Print exactly the lines below between the line holding "SW-MOTECH DUSC Hard" and the line holding "灯子灭蚊用有什么好处_灭蚊子灯有用吗_灭蚊子的灯管用吗", inclusive, and nothing more.

RECORDS ▸
* * * *

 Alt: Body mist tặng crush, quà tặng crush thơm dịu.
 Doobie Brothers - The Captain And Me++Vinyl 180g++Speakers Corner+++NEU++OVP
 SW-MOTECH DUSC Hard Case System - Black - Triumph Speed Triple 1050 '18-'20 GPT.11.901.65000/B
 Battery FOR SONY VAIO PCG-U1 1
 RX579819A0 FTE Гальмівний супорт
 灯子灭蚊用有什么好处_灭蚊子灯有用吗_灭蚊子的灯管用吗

* * * *

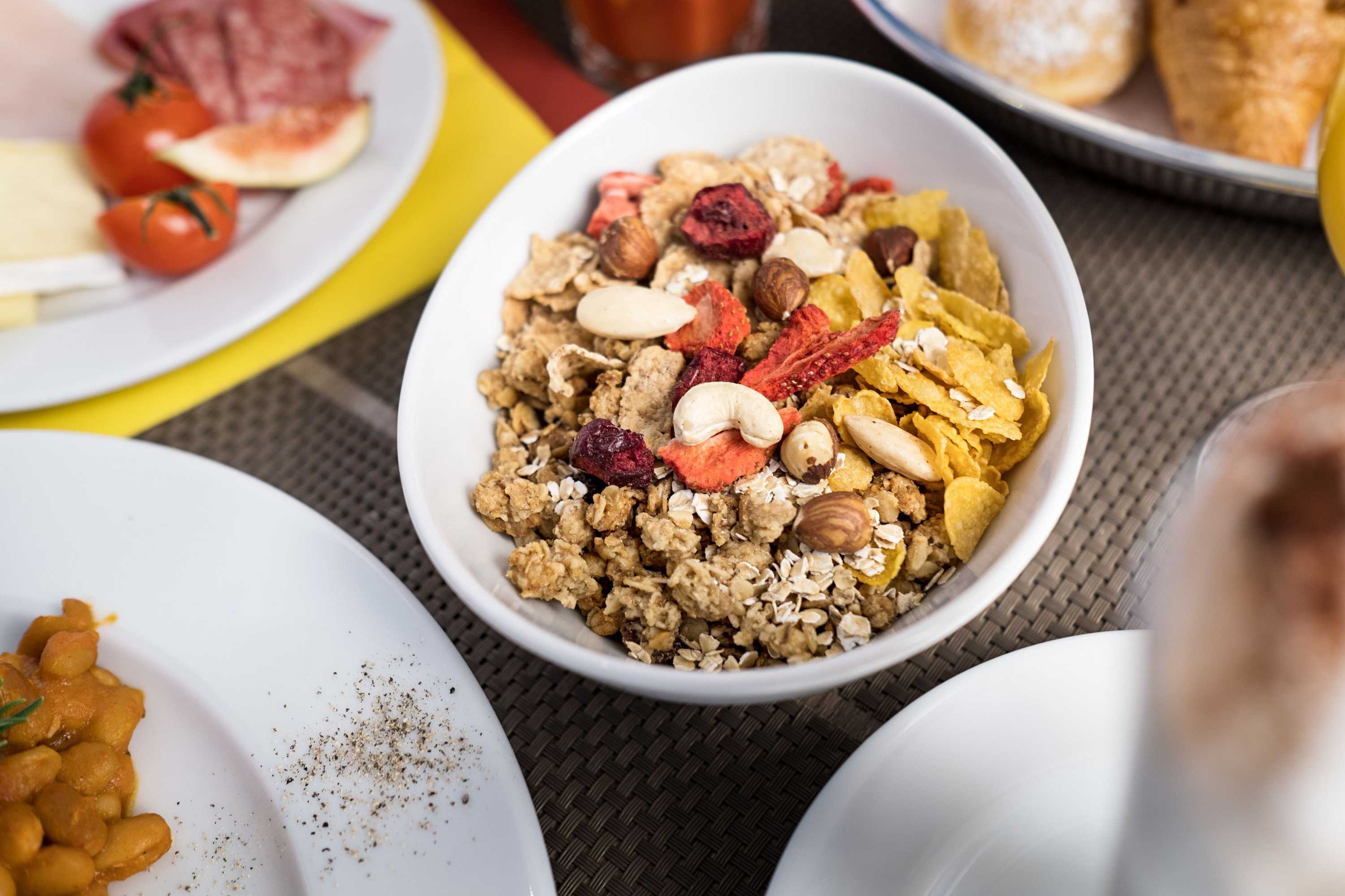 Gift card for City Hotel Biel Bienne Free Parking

* * * *

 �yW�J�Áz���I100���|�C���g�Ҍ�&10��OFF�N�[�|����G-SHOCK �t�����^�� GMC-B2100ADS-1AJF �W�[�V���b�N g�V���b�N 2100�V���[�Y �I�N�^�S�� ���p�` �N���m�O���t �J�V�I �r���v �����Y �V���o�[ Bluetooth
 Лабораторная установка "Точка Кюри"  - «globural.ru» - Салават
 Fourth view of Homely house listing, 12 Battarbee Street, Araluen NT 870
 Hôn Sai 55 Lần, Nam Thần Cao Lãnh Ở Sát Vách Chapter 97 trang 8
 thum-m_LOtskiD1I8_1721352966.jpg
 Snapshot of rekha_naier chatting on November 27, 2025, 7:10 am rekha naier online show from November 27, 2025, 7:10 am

* * * *

SOLVED EXERCISE ▸
 SW-MOTECH DUSC Hard Case System - Black - Triumph Speed Triple 1050 '18-'20 GPT.11.901.65000/B
 Battery FOR SONY VAIO PCG-U1 1
 RX579819A0 FTE Гальмівний супорт
 灯子灭蚊用有什么好处_灭蚊子灯有用吗_灭蚊子的灯管用吗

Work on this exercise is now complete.